Strain Correlated Linearly Polarized Photoluminescence in WS2/WSe2 Moir\'e Superlattices

TL;DR

This study demonstrates that strain, rather than valley coherence, primarily influences linearly polarized photoluminescence in WS2/WSe2 moiré superlattices, highlighting strain as a key control parameter.

Contribution

The paper reveals that strain, not valley coherence, dominates the linear polarization in moiré excitons, providing new insights into optical control in TMD superlattices.

Findings

Linear polarization correlates strongly with local strain and Raman shifts.

Strain amplifies C3 symmetry breaking, affecting emission polarization.

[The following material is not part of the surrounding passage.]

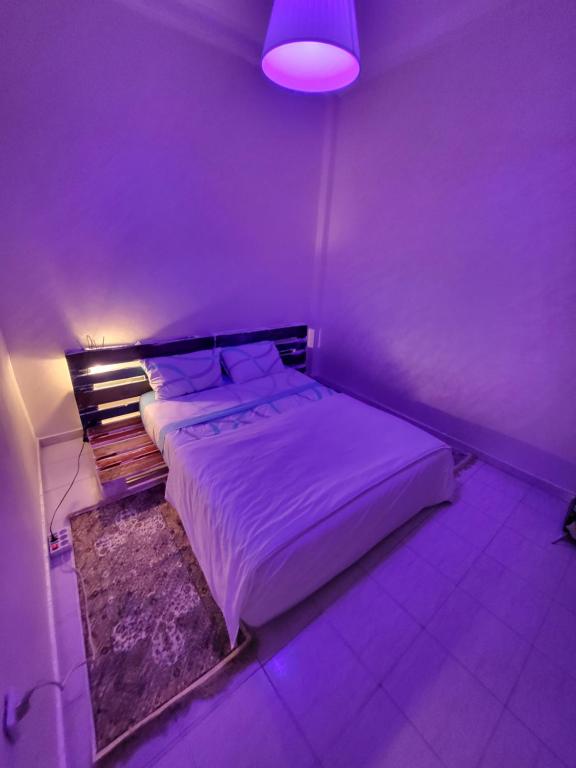 a purple bedroom with a bed with a purple light at your cute house in Salé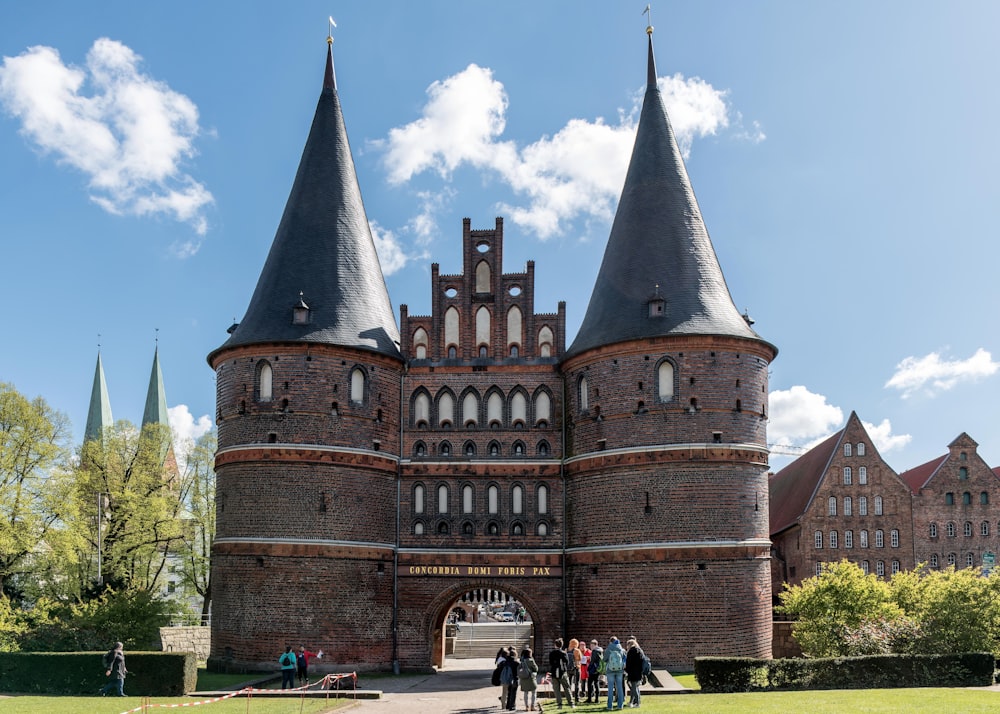 Un grupo de personas de pie frente a un castillo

Strain is identified as the main factor influencing optical readout.

Abstract

Reliable optical control of valley degrees of freedom in moir\'e excitons requires that the emitted polarization faithfully reflect the underlying valley state. Here, we show that linearly polarized photoluminescence from WSe2/WS2 moir\'e excitons is largely insensitive to the excitation polarization and therefore does not arise from valley coherence. Automated polarization-resolved photoluminescence and Raman mapping at cryogenic temperature reveals that the degree of linear polarization correlates strongly with local Raman shifts and moir\'e-exciton observables, identifying strain as the dominant experimental correlate. Linear-regression analysis further shows that strain-related descriptors provide the best prediction of the observed polarization. Guided by theory, we attribute this behavior to strain-amplified breaking of C3 symmetry in the moir\'e potential: weak uniaxial strain produces only partial cancellation of locally elliptical emission, yielding a finite far-field degree of linear polarization. These results establish strain as a key control parameter for reliable optical readout in TMD moir\'e superlattices.